I just set up another bow and have less draw weight so I am going back to my Fatboy 400's. I cant get the Full Bore's light enough to get the speed I want out of the Vantage Elite.


----------



## Gary Wiant (Dec 7, 2008)

just FYI I just found out I can use 2613 Easton inserts and screw in points in the Hunter Class, they are heavy but hopefully I'll still get about 300 fps out of my Mathews Triumph I'm getting 303 with heavy fatboy 400's and 325 with 400 flatliners

Does anyone know where I can get 55gr. pdp screw in points? the lightest I can find are 65gr


----------



## jwolfe78 (Mar 10, 2006)

Gary Wiant said:


> just FYI I just found out I can use 2613 Easton inserts and screw in points in the Hunter Class, they are heavy but hopefully I'll still get about 300 fps out of my Mathews Triumph I'm getting 303 with heavy fatboy 400's and 325 with 400 flatliners
> 
> Does anyone know where I can get 55gr. pdp screw in points? the lightest I can find are 65gr


Lancaster Archery would be your best bet. You could always get 65gr points and cut the back of the threads or grind the back off.. or another option is to cut the back of your insert off... to save some gr's...


----------



## Gary Wiant (Dec 7, 2008)

I thought of cutting the back of the point and the back of the insert I just wasn't sure how much of the threads I would could take and still keep the points tight, and how much weight would I loose? The inserts weight 53gr so even at 55 grain tips I still have over 100gr of front weight

Thanks
Gary


----------



## corpralbarn (Jan 21, 2009)

a local shooter here shoots a Bodoodle.


----------



## jwolfe78 (Mar 10, 2006)

Gary Wiant said:


> I thought of cutting the back of the point and the back of the insert I just wasn't sure how much of the threads I would could take and still keep the points tight, and how much weight would I loose? The inserts weight 53gr so even at 55 grain tips I still have over 100gr of front weight
> 
> Thanks
> Gary


You could always "super glue" the screw-in points in.


----------



## Gary Wiant (Dec 7, 2008)

don't you need to be able to unscrew them if "inspected/tech'd"


----------



## YankeeRebel (Dec 30, 2005)

I use a Trophy Ridge Tack Driver (Spring Steel) for both 3-D and Indoors. I believe I'm using a .012 blade. My Full Bores weigh 384 grains and fly like darts.


----------



## jwolfe78 (Mar 10, 2006)

Gary Wiant said:


> don't you need to be able to unscrew them if "inspected/tech'd"

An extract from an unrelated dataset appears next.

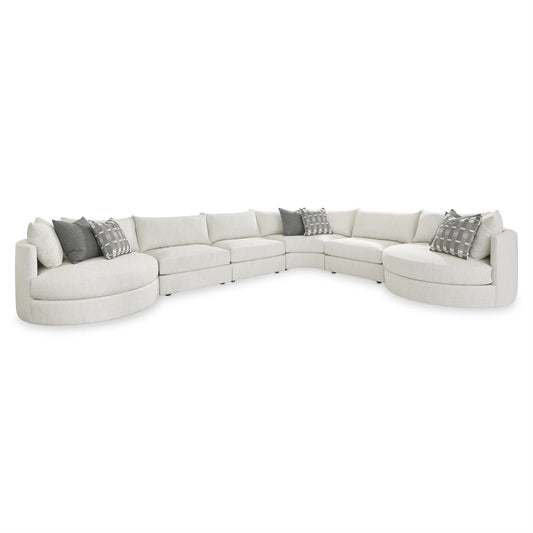 Bernhardt Ferris Fabric Sectional — K2457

I havn't ever seen anyone checked. I usually use wax on my broadheads and they stay in pretty good. A small dab of a light strength loc-tit would probably also work wonders.


----------



## mcfd-1229 (Aug 14, 2010)

is anyone shooting full bores outside, I am looking at setting up a bowtech specialist with them


----------



## super* (Jan 26, 2008)

go with x10s


----------



## Gary Wiant (Dec 7, 2008)

Ok so here is what I came up with. my draw length is 32" & on my Mathews Conquest Triumph it measures 33". on the draw board so my arrows are full length, I just took a hair off to square up the arrows, I shoot HC so I need screw in points. I used 2613 easton inserts ( I sanded around the top so they didn't fit super tight ) then I ground down the back of the insert and got them down to 45gr and I'm using 65gr pdp points ( I'd like to fine 55gr but no one has them in stock )I wrapped the arrows and fletched them with Blazer X2 vanes the arrows overall weigh 429gr and I'm got 292 fps 3 times in a row. I'm very happy with the arrows I went out in the yard shot 4 arrows at 20 yards then on my 6th shot from 30 yds I smacked the back of my arrow and almost robinhooded it, so I think they are going to fly good. I know I can get 325fps out of Flatline / Lightspeeds but I really like the fatter arrows. I played the speed game for a while I just don't care to do that anymore.

Good Luck


----------



## athomPT (Dec 14, 2008)

I shot them from both a limbdriver and NAP 3000 and they were fine with either rest. If my league allowed 27 diameter arrows I'd still be shooting them, but I had to go back to fatboys.


----------



## RAYHUNTS (Dec 8, 2005)

If you want a lighter tip, find a machine shop that could turn them down for you until you hit the desired weight. I had to turn some down because they were a tad to fat for the shaft and could not find one to fit just right. I put an insert in my drillpress and screwed in a tip. I then took a file and filed it down while it was spinning until it was even with the insert. Didn't take any time at all and just blued the tips once I was done. Perfect fit.


----------



## $dabucks (Mar 1, 2008)

I am thinking about trying the new Full Bores? How are they shooting for 3d. I have a Commander set at 70.8 lbs.


----------